Instant messaging tools like AIM or ICQ allow users to text each other in real time, and to exchange quick messages. Can you imagine something more disruptive than a text message that appears on your screen while you are trying to concentrate? Well, a recent paper by Garrett & Danziger (http://jcmc.indiana.edu/vol13/issue1/garrett.html) will make you think again. The paper, published in one of the top peer-reviewed academic journals dealing with online communication, the Journal of Computer Mediated Communication, finds that IM users actually report that they experience fewer interruptions than non-IM users. Moreover, it looks like IM users are actually more effective online communicators.
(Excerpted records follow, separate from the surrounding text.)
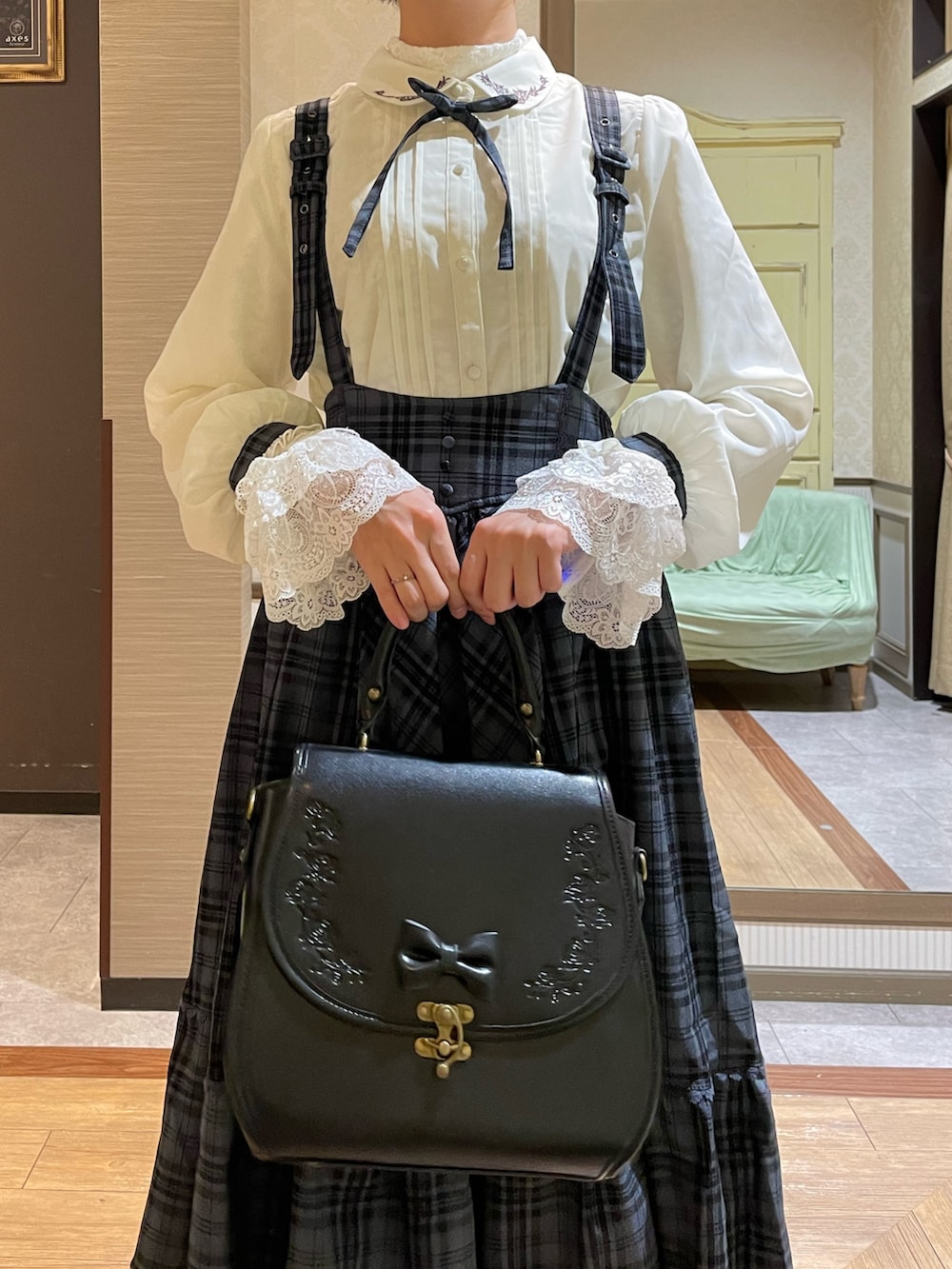 ブルー系のスカート、ブラック系のブーツ、ホワイト系のシャツ/ブラウスを着用したレディースの秋コーディネートの8枚目の写真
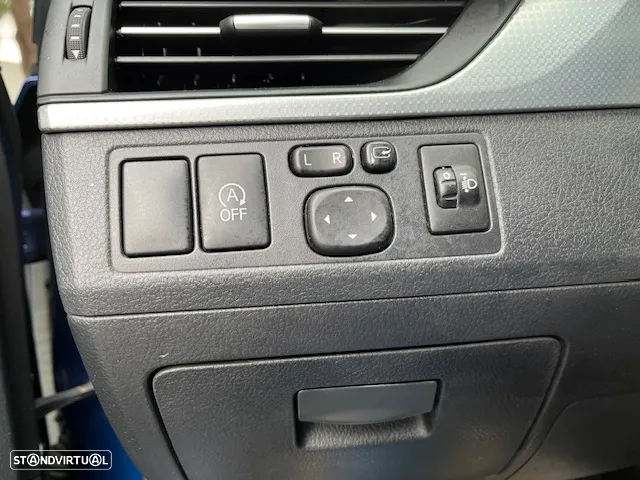Toyota Avensis Touring Sports 1.6 D-4D Exclusive+GPS - 12
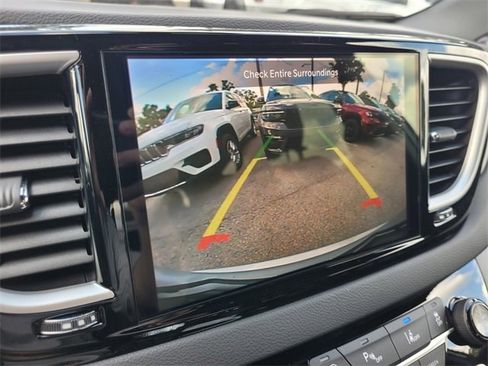 New 2026 Chrysler Voyager LX image 34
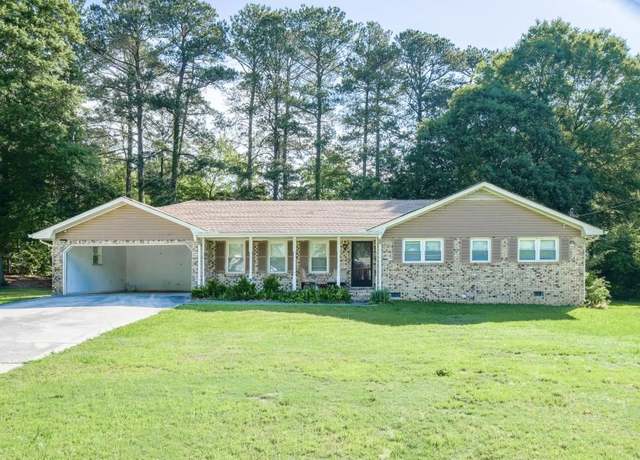 Property at 2628 Hickory Trl, Snellville, GA 30078, 6 beds, 2 baths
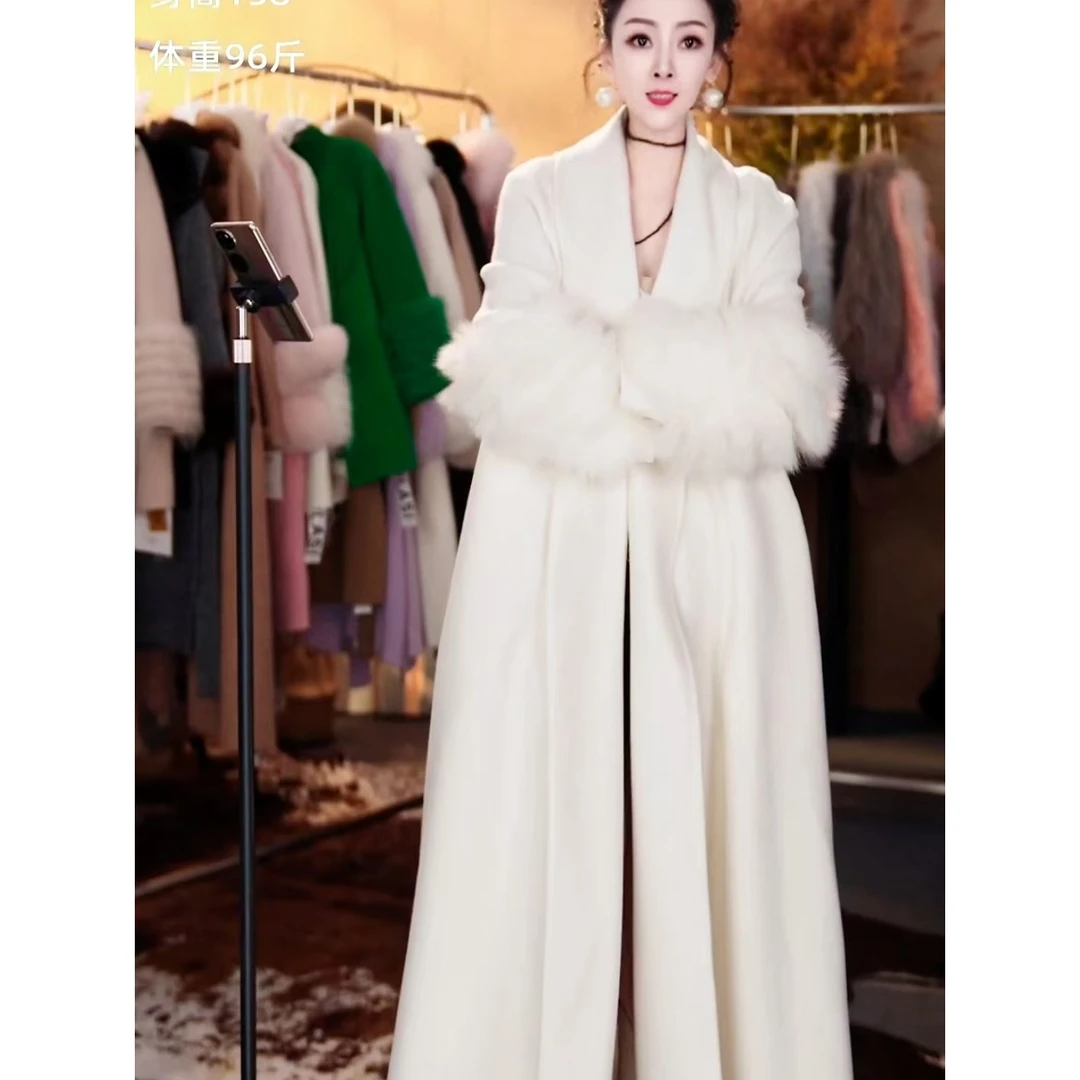 米白狐狸毛领拼接休闲羊绒衣纯色长款大气百搭2024年冬季加厚保暖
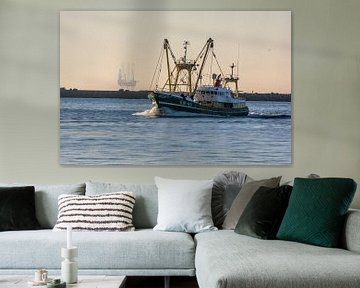 Bateau de pêche en route vers IJmuiden entre les quais sur scheepskijkerhavenfotografie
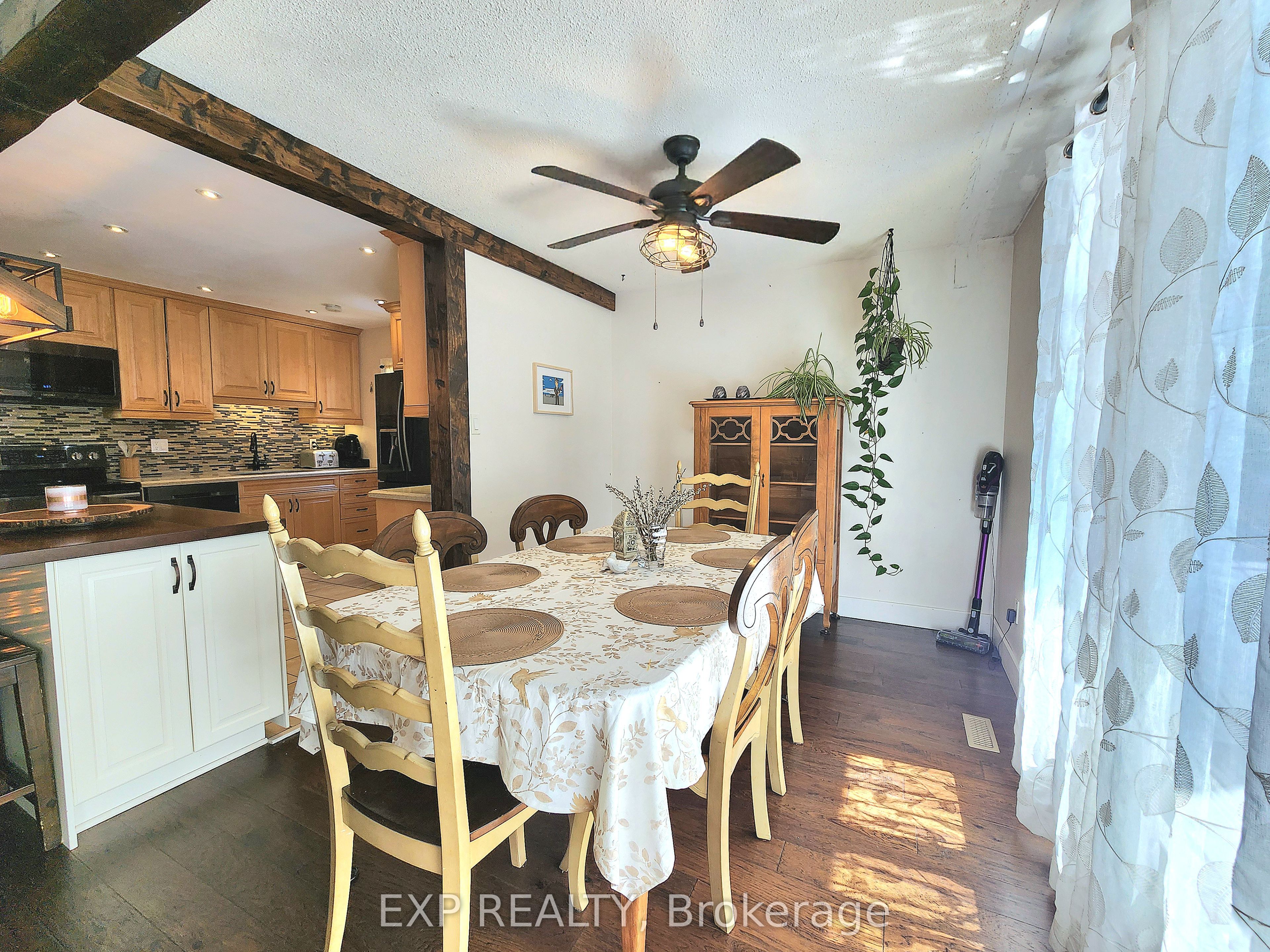 2832 Windwood Drive Property Photo 7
The findings are based on a national telephone survey that covered over 900 US based employees. Some might criticize the methodology used, that of asking employees about their level of interruptions, versus measuring that level directly. Others might find other flaws in the study. I, on the other hand, am not surprised, and think that these findings are important and interesting. I always felt that Information Overload is not a result of using this or that technology, but rather that it is a result of how we manage our information use.
I am not surprised to see that employees who are using IM do not necessarily increase their communicative overload. If a tool like IM is used strategically, it can actually be used to resolve small issues in a very time efficient manner; It is also considered much more polite to send a one-line IM, in comparison to sending a one-liner email that might seem abrupt and possibly impolite; IM usually comes from a “white list” of names, so spam is much less of an issue; Various IM tools offer the ability to perform additional tasks such as send files, switch to VoIP, manage your online availability, etc.
Is IM the solution to Information Overload? Of course not. The main message I take from this study is that no technology is deterministically good or bad in regards to Information Overload. It is about how you use the technology, and how it fits in with your organization’s culture. And, yes, sometimes the same technology that overloads one user and drives him or her mad might be another user’s tool to reduce overload. The former will probably become a non-user, and the latter will adopt the technology enthusiastically. And what will happen when these two want to communicate with each other? That is already a topic for another blog posting.